* YOUR OBJECTIVE: Begin at the line below that has "Rare x2 Lita" and stop after the line that has "1710970 ATMOVAC VACUUM". Please restate only those lines, word for word.

* AVAILABLE DATA:
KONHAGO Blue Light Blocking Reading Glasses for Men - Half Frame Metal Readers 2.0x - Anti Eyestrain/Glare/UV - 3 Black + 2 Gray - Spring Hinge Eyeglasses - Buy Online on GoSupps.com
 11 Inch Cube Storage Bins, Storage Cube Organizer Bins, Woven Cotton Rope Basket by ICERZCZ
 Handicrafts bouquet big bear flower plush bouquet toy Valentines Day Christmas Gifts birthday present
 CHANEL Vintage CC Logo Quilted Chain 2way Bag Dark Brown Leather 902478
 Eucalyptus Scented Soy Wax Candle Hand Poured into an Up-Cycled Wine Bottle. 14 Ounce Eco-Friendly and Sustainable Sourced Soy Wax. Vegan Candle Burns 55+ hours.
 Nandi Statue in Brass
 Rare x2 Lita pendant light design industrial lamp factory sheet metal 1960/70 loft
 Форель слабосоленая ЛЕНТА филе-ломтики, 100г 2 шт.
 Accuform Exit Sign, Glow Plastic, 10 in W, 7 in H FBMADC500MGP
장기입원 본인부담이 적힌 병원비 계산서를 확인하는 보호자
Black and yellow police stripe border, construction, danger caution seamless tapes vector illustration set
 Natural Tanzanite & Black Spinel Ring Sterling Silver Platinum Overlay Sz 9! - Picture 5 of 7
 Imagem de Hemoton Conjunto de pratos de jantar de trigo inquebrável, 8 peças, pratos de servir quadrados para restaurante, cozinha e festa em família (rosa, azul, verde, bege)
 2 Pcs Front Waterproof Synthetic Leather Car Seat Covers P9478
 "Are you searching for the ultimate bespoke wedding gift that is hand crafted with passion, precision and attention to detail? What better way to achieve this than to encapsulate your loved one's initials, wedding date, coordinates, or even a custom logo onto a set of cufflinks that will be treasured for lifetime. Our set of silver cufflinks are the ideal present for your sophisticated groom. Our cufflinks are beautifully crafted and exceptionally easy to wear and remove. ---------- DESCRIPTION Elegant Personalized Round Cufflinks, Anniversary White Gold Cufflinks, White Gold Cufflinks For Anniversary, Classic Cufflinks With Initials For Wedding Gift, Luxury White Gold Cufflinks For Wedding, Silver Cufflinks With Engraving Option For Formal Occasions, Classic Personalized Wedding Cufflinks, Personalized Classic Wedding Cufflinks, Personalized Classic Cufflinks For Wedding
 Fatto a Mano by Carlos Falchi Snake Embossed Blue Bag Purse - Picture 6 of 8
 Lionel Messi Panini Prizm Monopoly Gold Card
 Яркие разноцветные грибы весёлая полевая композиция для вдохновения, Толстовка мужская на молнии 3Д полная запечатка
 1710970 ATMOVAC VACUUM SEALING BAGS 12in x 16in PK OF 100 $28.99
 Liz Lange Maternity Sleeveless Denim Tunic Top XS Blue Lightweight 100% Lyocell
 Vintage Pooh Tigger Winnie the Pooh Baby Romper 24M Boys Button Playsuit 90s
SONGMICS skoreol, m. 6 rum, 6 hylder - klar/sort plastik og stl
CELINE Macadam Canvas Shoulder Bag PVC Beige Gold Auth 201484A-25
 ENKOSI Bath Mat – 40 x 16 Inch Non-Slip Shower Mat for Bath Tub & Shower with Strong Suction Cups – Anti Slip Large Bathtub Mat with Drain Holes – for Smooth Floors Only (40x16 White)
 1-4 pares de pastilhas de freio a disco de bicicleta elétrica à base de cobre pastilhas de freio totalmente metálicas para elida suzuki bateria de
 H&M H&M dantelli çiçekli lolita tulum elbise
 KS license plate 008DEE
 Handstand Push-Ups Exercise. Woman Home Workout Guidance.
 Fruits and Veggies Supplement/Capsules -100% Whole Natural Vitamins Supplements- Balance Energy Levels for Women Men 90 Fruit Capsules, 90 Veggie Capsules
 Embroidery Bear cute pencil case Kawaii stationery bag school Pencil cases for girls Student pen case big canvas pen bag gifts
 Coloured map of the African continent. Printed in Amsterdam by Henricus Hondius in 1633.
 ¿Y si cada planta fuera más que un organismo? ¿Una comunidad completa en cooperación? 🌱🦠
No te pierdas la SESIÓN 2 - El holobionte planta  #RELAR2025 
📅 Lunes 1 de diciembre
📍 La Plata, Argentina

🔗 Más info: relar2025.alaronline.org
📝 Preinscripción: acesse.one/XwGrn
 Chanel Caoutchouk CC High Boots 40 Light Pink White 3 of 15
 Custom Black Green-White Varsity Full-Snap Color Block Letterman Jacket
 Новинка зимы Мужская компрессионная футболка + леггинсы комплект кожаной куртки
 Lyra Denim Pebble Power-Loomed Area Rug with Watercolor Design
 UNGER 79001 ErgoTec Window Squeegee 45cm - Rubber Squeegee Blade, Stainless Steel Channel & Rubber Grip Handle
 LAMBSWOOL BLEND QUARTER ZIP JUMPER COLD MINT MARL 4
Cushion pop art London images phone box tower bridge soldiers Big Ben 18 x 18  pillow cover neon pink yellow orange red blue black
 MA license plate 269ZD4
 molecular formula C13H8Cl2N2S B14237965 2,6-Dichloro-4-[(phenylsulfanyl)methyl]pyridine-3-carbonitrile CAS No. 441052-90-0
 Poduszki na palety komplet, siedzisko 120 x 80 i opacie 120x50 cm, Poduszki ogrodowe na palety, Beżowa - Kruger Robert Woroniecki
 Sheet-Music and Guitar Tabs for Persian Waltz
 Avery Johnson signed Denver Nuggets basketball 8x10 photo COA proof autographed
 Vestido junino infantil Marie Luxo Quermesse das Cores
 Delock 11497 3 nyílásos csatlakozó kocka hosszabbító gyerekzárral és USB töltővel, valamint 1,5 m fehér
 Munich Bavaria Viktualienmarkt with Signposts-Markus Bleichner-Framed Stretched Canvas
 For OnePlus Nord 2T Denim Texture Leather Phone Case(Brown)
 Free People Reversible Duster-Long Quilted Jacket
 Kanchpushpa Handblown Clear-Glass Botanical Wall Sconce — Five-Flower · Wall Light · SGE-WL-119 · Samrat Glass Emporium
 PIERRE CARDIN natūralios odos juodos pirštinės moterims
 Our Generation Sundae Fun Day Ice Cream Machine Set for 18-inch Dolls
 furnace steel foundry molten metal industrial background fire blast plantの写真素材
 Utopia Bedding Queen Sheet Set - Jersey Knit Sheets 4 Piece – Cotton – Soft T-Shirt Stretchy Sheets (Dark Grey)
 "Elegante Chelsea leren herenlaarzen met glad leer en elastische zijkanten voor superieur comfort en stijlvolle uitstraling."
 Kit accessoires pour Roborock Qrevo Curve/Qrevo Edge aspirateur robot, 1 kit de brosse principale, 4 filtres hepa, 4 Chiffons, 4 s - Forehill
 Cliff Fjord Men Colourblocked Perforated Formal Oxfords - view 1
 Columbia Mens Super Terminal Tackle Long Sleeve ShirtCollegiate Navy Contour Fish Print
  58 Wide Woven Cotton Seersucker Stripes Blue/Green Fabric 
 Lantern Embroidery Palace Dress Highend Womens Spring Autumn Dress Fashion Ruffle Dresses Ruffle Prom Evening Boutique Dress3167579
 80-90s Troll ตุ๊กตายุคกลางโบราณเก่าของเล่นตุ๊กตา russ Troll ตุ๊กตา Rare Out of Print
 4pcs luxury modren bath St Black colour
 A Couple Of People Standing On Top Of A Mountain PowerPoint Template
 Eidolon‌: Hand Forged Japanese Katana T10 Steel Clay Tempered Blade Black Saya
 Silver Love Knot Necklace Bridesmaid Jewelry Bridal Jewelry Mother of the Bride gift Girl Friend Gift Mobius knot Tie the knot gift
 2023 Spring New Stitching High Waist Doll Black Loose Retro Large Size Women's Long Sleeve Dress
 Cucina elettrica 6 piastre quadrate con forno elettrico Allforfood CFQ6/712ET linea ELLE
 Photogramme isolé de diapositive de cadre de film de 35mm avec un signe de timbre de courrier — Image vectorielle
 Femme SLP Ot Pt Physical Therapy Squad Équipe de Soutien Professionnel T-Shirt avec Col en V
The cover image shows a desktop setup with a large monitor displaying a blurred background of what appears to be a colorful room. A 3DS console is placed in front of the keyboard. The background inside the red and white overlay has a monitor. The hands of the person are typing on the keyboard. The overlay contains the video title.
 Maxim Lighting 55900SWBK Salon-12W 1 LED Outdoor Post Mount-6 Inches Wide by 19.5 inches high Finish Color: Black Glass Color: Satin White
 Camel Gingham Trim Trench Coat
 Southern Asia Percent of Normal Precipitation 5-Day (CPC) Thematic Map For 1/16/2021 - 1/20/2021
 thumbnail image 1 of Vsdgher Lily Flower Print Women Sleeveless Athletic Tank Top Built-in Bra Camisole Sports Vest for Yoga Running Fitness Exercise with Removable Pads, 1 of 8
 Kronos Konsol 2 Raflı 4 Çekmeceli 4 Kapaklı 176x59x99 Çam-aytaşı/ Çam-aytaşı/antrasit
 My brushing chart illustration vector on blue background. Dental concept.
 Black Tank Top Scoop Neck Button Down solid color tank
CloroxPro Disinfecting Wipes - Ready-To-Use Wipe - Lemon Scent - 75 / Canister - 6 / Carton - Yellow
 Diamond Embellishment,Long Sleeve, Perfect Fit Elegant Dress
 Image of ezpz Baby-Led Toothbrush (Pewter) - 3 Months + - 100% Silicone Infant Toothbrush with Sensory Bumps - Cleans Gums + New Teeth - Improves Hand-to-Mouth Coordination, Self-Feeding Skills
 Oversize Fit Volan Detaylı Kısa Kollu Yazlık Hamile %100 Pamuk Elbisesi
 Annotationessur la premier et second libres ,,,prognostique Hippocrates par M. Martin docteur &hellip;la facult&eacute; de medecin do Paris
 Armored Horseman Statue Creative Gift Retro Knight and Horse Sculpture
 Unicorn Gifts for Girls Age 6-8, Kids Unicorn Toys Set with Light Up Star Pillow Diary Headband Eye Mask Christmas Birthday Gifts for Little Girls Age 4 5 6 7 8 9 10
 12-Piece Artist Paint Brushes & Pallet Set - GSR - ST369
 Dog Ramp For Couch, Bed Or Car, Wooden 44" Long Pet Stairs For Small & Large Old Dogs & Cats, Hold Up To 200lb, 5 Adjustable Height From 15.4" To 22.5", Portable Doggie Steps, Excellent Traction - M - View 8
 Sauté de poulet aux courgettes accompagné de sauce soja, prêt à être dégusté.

* TASK SOLUTION:
 Rare x2 Lita pendant light design industrial lamp factory sheet metal 1960/70 loft
 Форель слабосоленая ЛЕНТА филе-ломтики, 100г 2 шт.
 Accuform Exit Sign, Glow Plastic, 10 in W, 7 in H FBMADC500MGP
장기입원 본인부담이 적힌 병원비 계산서를 확인하는 보호자
Black and yellow police stripe border, construction, danger caution seamless tapes vector illustration set
 Natural Tanzanite & Black Spinel Ring Sterling Silver Platinum Overlay Sz 9! - Picture 5 of 7
 Imagem de Hemoton Conjunto de pratos de jantar de trigo inquebrável, 8 peças, pratos de servir quadrados para restaurante, cozinha e festa em família (rosa, azul, verde, bege)
 2 Pcs Front Waterproof Synthetic Leather Car Seat Covers P9478
 "Are you searching for the ultimate bespoke wedding gift that is hand crafted with passion, precision and attention to detail? What better way to achieve this than to encapsulate your loved one's initials, wedding date, coordinates, or even a custom logo onto a set of cufflinks that will be treasured for lifetime. Our set of silver cufflinks are the ideal present for your sophisticated groom. Our cufflinks are beautifully crafted and exceptionally easy to wear and remove. ---------- DESCRIPTION Elegant Personalized Round Cufflinks, Anniversary White Gold Cufflinks, White Gold Cufflinks For Anniversary, Classic Cufflinks With Initials For Wedding Gift, Luxury White Gold Cufflinks For Wedding, Silver Cufflinks With Engraving Option For Formal Occasions, Classic Personalized Wedding Cufflinks, Personalized Classic Wedding Cufflinks, Personalized Classic Cufflinks For Wedding
 Fatto a Mano by Carlos Falchi Snake Embossed Blue Bag Purse - Picture 6 of 8
 Lionel Messi Panini Prizm Monopoly Gold Card
 Яркие разноцветные грибы весёлая полевая композиция для вдохновения, Толстовка мужская на молнии 3Д полная запечатка
 1710970 ATMOVAC VACUUM SEALING BAGS 12in x 16in PK OF 100 $28.99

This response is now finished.